▶ **EXERCISE DETAILS**: Print the first line of the material below and each line after it, exactly as written, ending with the line that contains "おもちゃを噛んでいる猫".
# # # #
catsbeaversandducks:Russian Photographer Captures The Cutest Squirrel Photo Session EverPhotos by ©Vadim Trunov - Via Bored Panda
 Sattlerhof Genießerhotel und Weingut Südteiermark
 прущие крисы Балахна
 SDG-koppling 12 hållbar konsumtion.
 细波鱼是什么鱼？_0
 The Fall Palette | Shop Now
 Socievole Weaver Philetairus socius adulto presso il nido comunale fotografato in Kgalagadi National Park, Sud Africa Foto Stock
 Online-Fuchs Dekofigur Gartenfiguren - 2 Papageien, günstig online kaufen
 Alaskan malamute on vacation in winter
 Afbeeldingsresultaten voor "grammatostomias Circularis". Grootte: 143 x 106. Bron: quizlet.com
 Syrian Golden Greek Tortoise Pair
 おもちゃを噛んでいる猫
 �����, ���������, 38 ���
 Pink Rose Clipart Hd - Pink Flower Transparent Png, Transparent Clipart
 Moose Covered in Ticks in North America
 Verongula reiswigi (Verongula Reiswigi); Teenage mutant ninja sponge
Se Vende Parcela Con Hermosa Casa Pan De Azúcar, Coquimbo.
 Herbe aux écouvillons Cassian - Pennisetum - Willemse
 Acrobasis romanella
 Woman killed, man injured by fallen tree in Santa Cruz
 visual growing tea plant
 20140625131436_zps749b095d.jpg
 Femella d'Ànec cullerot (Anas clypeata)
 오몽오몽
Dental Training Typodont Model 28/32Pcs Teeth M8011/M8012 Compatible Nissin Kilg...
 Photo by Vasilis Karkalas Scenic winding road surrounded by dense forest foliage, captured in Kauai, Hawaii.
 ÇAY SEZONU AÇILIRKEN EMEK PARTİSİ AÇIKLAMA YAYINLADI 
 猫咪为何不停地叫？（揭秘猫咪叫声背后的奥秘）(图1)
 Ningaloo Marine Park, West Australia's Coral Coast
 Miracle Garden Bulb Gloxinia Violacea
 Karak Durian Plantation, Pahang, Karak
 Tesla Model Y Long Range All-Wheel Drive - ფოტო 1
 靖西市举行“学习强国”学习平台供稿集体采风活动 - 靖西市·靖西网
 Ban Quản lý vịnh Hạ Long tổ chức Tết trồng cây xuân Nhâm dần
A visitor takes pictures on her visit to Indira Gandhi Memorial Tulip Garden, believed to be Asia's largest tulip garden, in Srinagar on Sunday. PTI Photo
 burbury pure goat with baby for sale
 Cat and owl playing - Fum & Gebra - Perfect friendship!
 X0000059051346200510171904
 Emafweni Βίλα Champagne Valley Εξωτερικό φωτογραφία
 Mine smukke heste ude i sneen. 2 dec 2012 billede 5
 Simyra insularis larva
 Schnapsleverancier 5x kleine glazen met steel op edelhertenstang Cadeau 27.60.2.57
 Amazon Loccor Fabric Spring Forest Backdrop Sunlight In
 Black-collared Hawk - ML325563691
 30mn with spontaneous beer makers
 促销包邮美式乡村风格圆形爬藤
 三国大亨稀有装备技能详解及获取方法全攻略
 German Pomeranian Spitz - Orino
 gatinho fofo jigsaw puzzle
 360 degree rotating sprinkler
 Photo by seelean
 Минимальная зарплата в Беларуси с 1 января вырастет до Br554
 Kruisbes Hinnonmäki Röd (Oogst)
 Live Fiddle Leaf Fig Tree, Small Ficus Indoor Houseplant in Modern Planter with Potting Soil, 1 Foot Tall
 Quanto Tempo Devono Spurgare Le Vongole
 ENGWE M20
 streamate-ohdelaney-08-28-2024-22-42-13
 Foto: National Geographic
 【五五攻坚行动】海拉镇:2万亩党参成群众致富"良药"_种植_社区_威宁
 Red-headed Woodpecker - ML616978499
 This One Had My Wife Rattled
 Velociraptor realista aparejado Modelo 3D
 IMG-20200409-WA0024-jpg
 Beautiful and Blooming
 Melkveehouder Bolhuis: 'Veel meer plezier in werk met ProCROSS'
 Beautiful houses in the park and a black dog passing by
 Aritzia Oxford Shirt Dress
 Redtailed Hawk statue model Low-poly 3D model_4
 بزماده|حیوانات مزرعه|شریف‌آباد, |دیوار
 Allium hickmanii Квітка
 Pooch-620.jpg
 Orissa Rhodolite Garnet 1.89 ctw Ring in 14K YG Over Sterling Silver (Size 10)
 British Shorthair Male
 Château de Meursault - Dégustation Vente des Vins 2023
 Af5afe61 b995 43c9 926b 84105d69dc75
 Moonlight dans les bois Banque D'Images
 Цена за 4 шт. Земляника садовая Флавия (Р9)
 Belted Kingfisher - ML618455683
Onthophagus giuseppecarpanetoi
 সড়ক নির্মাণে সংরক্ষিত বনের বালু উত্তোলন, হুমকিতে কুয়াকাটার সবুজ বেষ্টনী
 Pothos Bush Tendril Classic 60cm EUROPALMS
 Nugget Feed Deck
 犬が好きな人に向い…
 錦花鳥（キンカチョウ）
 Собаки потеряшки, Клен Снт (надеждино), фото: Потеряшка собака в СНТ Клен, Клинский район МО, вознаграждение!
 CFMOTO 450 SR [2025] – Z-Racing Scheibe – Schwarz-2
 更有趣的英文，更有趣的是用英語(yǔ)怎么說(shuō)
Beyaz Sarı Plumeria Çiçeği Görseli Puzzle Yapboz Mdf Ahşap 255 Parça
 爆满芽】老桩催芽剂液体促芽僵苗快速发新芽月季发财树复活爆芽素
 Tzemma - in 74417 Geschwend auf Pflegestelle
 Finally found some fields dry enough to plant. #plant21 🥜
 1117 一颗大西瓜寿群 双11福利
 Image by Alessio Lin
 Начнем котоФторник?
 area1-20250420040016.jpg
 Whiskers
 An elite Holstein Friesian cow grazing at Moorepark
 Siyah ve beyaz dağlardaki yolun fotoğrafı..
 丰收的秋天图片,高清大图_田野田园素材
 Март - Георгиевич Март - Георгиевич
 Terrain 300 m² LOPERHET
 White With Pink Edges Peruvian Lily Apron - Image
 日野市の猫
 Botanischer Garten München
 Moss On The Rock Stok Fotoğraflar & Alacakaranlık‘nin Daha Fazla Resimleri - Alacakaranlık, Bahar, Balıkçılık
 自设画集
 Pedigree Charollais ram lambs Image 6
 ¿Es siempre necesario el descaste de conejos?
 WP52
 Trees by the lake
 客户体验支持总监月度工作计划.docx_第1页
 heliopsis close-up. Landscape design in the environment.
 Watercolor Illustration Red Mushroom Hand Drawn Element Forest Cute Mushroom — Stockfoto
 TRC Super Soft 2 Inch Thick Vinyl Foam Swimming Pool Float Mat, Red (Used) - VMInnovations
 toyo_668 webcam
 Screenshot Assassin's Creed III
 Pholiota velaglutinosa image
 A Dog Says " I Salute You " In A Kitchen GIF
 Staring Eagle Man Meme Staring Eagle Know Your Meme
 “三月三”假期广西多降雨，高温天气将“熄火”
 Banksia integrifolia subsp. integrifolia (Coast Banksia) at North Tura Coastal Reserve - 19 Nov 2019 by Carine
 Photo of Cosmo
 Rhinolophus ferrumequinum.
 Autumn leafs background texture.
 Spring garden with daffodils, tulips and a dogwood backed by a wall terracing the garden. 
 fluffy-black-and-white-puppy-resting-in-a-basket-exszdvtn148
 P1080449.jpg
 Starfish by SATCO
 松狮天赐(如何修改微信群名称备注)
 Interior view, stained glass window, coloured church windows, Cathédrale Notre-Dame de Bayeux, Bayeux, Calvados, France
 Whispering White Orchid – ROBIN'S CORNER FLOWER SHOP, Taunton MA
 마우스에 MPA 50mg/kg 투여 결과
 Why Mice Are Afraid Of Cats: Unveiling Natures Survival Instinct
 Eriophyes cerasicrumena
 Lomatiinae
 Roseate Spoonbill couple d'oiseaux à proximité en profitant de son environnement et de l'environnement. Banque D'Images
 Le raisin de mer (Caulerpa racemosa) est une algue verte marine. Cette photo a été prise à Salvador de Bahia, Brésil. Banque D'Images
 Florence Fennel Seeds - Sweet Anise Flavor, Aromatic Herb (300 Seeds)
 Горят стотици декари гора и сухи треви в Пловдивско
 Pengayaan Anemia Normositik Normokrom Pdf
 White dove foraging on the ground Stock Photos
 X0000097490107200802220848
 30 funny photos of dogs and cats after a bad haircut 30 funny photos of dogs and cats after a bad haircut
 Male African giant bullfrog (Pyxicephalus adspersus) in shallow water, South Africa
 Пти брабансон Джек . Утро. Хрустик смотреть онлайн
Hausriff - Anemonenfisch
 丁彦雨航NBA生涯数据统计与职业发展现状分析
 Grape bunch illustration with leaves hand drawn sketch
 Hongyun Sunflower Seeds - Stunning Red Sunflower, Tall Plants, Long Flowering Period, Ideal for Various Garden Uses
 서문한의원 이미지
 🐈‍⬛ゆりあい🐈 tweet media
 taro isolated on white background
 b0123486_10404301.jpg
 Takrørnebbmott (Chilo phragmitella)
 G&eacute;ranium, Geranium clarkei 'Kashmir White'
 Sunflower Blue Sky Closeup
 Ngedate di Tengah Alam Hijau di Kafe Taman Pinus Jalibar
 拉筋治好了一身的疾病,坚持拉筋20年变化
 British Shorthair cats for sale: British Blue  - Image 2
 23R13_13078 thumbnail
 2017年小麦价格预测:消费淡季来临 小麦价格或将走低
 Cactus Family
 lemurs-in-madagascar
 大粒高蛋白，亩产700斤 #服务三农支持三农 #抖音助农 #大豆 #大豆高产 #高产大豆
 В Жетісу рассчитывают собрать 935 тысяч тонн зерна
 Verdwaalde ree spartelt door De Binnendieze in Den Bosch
# # # #
▶ **EXPECTED ANSWER**:
catsbeaversandducks:Russian Photographer Captures The Cutest Squirrel Photo Session EverPhotos by ©Vadim Trunov - Via Bored Panda
 Sattlerhof Genießerhotel und Weingut Südteiermark
 прущие крисы Балахна
 SDG-koppling 12 hållbar konsumtion.
 细波鱼是什么鱼？_0
 The Fall Palette | Shop Now
 Socievole Weaver Philetairus socius adulto presso il nido comunale fotografato in Kgalagadi National Park, Sud Africa Foto Stock
 Online-Fuchs Dekofigur Gartenfiguren - 2 Papageien, günstig online kaufen
 Alaskan malamute on vacation in winter
 Afbeeldingsresultaten voor "grammatostomias Circularis". Grootte: 143 x 106. Bron: quizlet.com
 Syrian Golden Greek Tortoise Pair
 おもちゃを噛んでいる猫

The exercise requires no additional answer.